I am satisfied that Cartus’ records accurately reflect payments made for lump sum, miscellaneous expenses, radon testing, and tax assistance.  Petitioner does not deny receiving the lump sum payment but offers only her vague recollection that it was not as much as $8,203.  She presented no bank or other records that would establish a different amount for the lump sum, and I credit the Cartus records.  Arranging for radon testing requires some participation on the part of the homeowner—at least making her home available—and if she did not receive the testing, Petitioner would have been expected to deny receiving it instead of merely testifying that she did not recall whether she requested it.  The tax assistance is paid directly to the Internal Revenue Service (Finding 4), and I am satisfied from Cartus’ records that it was paid on her behalf.  The $39.54 entry on Cartus’ records for “interest on disbursements” was not explained and is not recoverable.

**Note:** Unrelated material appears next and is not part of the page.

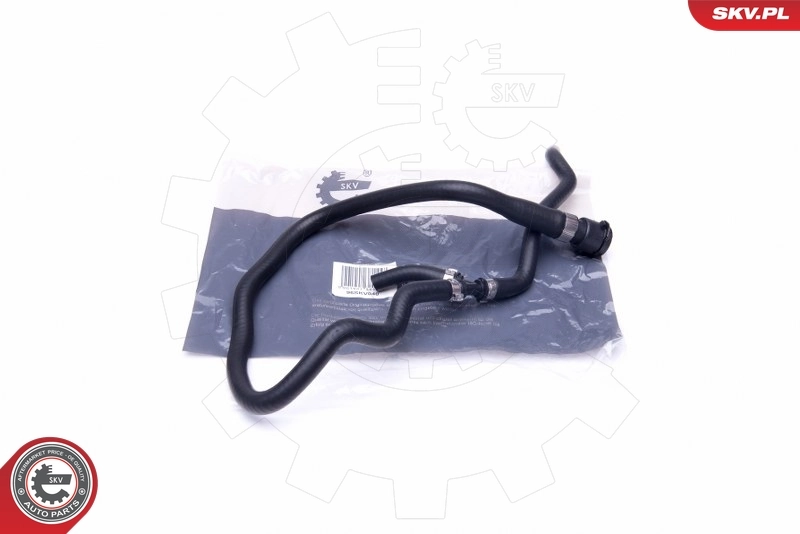 Breather Hose, expansion tank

Accordingly, Respondent may collect by offset the amount of $13,477.96.  Except as to the $39.54, the Petition is denied.

Norman D. Menegat
Administrative Judge

 

 

 

[1] The hearing was conducted by speaker phone, with the parties, representatives, and witnesses present in a conference room in Waco and the Administrative Judge presiding from his office in Arlington, Virginia.

[2] Petitioner’s Form 178 referred to the F-12 Relocation Handbook, but that handbook had been replaced by the F-15 Handbook for non-bargaining employee relocations (F-15 Handbook, p. 1).

[3] These amounts are reflected in records maintained by Cartus, Respondent’s relocation contractor (Tr. 32; Resp. Exhs. 1-10, 1-11, 1-13, 1-24).

[4] Section 180 of the F-12 Handbook also describes a similar process for requesting a deviation.